How media buying and measurement have transformed marketers’ CTV approach

Sponsored by MNTN

For marketers, CTV has unlocked access to a medium that was once thought to be too expensive and challenging for most brands to utilize. It came with little to no performance measurement capabilities. 

New advancements in digital technology have changed that landscape, from how CTV spots are purchased and refreshed to the types of data that can be gleaned from them. The state of CTV is burgeoning, and the opportunities on the table for marketing teams are numerous. 

In the U.S., 73% of consumers prefer to have ad-supported CTV subscriptions over premium ones, according to Unruly Media and 47% of the coveted 18–34 age group (who happens to be among the highest adopters of CTV) indicate they like their ads to be tailored to their interests, according to The Trade Desk. With trends like this, advertisers are expected to continue adding CTV to their marketing mix.  

In a recent Digiday and MNTN research report, a new survey and expert insights helped spotlight what’s happening across the connected TV space and what it means for advertisers in 2022 (and beyond).

Programmatic has changed the way media buys are done — CTV included

Previously, with linear TV, ad buys were conducted through an advertiser or agency that went directly to a TV network to secure advertising spots. This was time-consuming — requiring an enormous amount of scale to manage multiple contract negotiations, pacing, inventory and management issues, etc. Even enterprise businesses tended to rely on third parties to manage this process, making it understandable why many smaller companies found it impossible to enter this space. 

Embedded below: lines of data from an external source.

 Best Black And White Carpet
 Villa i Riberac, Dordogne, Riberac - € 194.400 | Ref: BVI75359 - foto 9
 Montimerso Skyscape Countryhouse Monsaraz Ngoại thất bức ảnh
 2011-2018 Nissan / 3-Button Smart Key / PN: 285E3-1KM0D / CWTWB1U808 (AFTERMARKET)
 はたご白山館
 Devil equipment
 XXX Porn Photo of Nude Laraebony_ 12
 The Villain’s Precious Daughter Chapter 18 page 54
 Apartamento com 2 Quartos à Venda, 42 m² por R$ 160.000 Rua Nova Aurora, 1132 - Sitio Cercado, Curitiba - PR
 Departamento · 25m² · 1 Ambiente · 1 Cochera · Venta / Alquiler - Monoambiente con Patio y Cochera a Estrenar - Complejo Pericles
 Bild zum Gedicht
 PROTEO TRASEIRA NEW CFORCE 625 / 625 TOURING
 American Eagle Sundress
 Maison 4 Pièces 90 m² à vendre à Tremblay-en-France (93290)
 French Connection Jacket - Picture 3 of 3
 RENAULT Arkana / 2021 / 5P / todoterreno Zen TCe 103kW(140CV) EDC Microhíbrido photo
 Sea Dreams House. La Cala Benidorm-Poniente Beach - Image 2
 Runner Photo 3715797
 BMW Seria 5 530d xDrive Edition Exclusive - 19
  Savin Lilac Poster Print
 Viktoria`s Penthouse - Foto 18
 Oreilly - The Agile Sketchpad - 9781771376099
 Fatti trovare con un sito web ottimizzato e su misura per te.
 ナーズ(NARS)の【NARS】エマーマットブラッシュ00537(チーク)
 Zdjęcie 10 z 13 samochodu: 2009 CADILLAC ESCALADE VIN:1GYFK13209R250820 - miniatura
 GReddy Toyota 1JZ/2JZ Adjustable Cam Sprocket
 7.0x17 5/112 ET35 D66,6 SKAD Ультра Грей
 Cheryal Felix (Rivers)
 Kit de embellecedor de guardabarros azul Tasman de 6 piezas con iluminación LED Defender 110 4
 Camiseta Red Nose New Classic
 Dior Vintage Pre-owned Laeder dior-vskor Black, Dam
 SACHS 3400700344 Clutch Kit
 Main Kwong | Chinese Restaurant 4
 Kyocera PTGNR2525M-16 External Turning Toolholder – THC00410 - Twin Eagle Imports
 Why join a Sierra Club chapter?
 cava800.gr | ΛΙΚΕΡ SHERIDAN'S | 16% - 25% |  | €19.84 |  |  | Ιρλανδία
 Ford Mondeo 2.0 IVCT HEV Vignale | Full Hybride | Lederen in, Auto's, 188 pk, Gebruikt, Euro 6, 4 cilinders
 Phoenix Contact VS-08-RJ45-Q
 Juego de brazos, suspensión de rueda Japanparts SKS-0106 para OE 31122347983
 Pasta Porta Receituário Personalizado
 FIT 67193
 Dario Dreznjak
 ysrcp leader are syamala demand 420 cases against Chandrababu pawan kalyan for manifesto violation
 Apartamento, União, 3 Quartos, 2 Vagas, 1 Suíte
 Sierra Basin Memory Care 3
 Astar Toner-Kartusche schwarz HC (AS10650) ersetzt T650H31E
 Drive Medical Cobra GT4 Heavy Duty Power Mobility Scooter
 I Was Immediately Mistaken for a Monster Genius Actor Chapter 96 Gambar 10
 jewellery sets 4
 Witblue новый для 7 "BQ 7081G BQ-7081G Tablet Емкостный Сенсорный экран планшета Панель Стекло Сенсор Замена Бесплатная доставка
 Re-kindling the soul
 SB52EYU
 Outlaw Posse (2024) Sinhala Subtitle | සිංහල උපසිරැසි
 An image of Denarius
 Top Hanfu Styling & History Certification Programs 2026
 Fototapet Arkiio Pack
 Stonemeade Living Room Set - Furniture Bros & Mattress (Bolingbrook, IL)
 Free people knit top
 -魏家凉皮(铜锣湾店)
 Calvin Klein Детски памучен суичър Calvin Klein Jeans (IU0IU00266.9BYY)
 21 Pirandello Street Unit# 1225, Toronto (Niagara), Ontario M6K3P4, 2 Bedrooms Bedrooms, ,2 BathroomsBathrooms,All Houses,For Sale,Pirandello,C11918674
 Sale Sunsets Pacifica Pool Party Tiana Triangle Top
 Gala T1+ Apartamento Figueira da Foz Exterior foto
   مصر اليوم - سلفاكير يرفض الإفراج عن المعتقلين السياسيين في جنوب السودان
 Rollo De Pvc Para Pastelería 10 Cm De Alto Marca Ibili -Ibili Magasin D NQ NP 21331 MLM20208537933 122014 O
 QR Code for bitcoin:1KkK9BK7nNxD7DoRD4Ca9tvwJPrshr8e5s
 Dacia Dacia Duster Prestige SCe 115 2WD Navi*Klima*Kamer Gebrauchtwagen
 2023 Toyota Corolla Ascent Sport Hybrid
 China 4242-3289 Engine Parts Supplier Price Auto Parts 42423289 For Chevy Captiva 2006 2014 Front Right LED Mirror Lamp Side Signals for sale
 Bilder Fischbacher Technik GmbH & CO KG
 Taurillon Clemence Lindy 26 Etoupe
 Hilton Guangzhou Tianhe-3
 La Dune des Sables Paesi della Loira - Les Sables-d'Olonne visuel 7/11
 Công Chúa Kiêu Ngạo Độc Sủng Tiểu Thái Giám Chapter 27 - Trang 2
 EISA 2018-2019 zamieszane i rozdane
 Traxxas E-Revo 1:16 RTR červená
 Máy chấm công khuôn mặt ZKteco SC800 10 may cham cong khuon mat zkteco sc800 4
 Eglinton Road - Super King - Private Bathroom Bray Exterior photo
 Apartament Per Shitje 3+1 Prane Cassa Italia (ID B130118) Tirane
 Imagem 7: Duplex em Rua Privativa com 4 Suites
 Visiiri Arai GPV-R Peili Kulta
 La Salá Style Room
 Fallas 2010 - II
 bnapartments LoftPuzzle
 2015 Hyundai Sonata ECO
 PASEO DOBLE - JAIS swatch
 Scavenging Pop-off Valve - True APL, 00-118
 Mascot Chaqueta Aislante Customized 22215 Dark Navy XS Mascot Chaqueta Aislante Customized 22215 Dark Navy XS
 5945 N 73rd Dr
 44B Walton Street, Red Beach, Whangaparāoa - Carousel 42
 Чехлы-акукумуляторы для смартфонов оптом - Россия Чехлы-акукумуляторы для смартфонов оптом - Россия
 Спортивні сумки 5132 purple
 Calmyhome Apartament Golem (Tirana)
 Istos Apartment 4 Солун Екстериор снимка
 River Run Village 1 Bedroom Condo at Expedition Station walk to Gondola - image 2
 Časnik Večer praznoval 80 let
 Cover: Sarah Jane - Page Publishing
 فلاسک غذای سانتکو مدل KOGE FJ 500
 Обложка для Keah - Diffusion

“We’ve seen a big change from linear to CTV in the ability to open the spigot in terms of brands that were formerly not able to advertise, now being able to advertise,” said Rafa Bracero, director of marketing strategy at MNTN. 

In addition to its simplicity, programmatic has allowed CTV advertisers to become more targeted in their ad buying, leading to audience-first approaches and helping to deliver impactful insights if done right. “When we think about CTV specifically, it’s an instance where an audience-first approach is absolutely crucial,” said Bracero. 

“Operating in a truly programmatic space is super important,” added Hannah Burke, product manager at MNTN. “If you’re limiting yourself by trying to home-in on individual networks, you’re missing out on bringing in new customers.” 

According to our survey, 46% of brands and agencies surveyed are primarily approaching media buying for CTV with programmatic buys, with 27% utilizing both direct-sold and programmatic buys.

“For example, say someone like Lowe’s wants to serve a TV creative only on HGTV,” continued Burke. “Ideally, we don’t want them to just go to HGTV. We want them to create an audience that is for those TV commercials. So, if they’re doing a true DIY audience build where they want to find users who just moved into a new home, they may see a large number of people watching FXX or who are interested in sci-fi that is DIYers in addition to those who watch HGTV. And then they can incorporate that into their media buys.” 

Almost half (49%) of brands and agencies surveyed indicated they’re combatting a fragmented CTV inventory by prioritizing audience segmentation and targeting specific audiences.

And setting up effective audience-based buys significantly impacts performance and measurement. If audience interests aren’t identified, and the brand cannot determine a way to act on them that works for the creative, then a campaign’s performance is likely to be hampered.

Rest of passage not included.